(Data excerpt Opens)
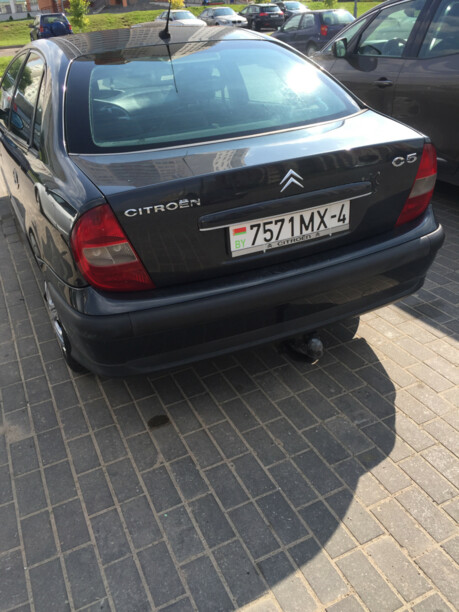 Citroen C5 I, 2001 г.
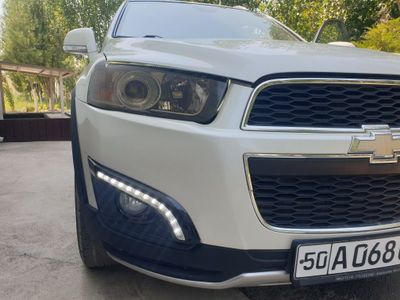 Каптива 3 новоротлари билан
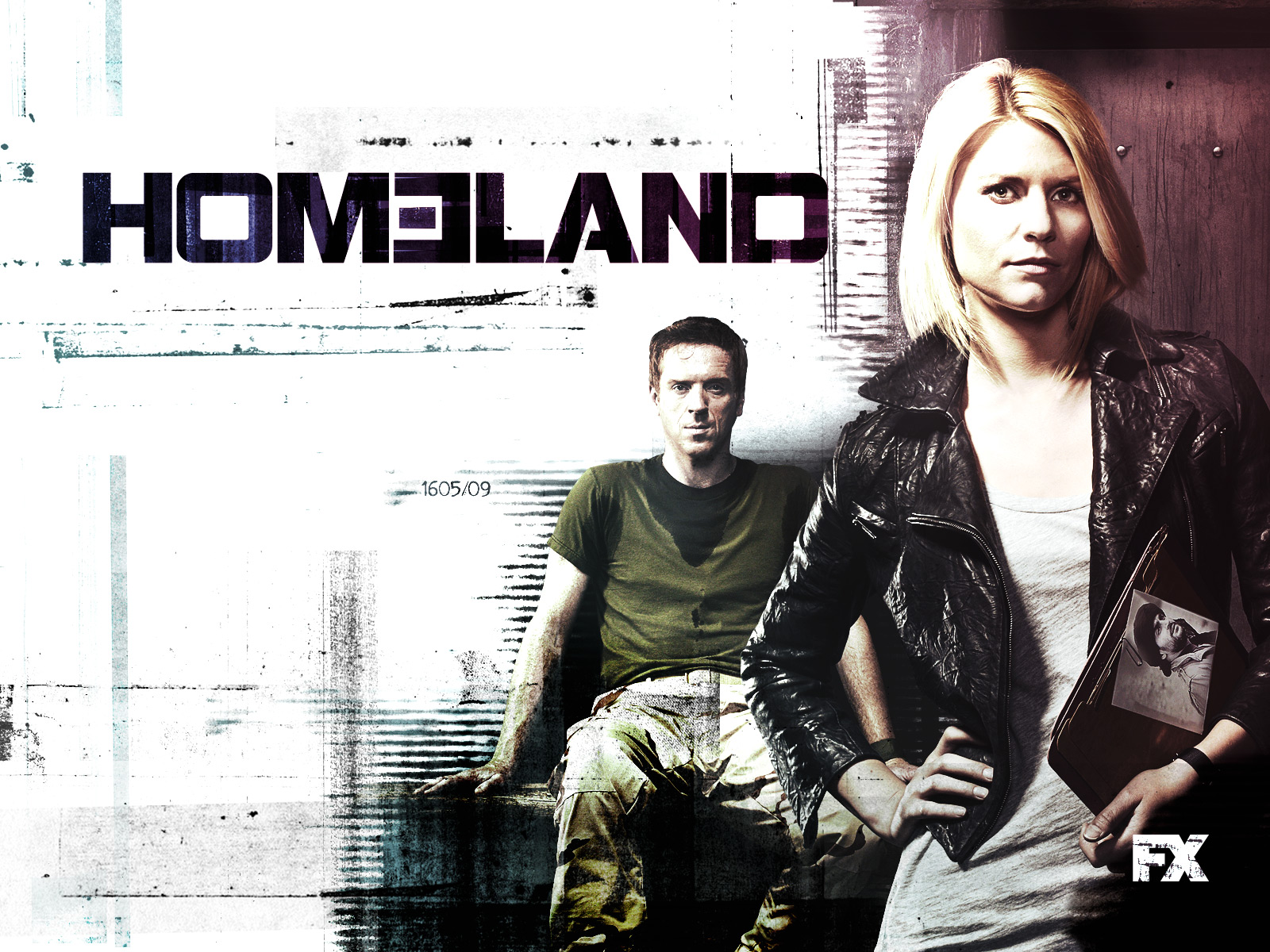 Homeland Images On Fanpop - Homeland Season 1 Poster , HD Wallpaper & Backgrounds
(Data excerpt Closes)
* **Work instruction**
Copy exactly, please, the lines that run from the line holding "Каптива 3 новоротлари билан" through the closing line of the material above, omitting every picture.

* **Completed exercise**
 Каптива 3 новоротлари билан
 Homeland Images On Fanpop - Homeland Season 1 Poster , HD Wallpaper & Backgrounds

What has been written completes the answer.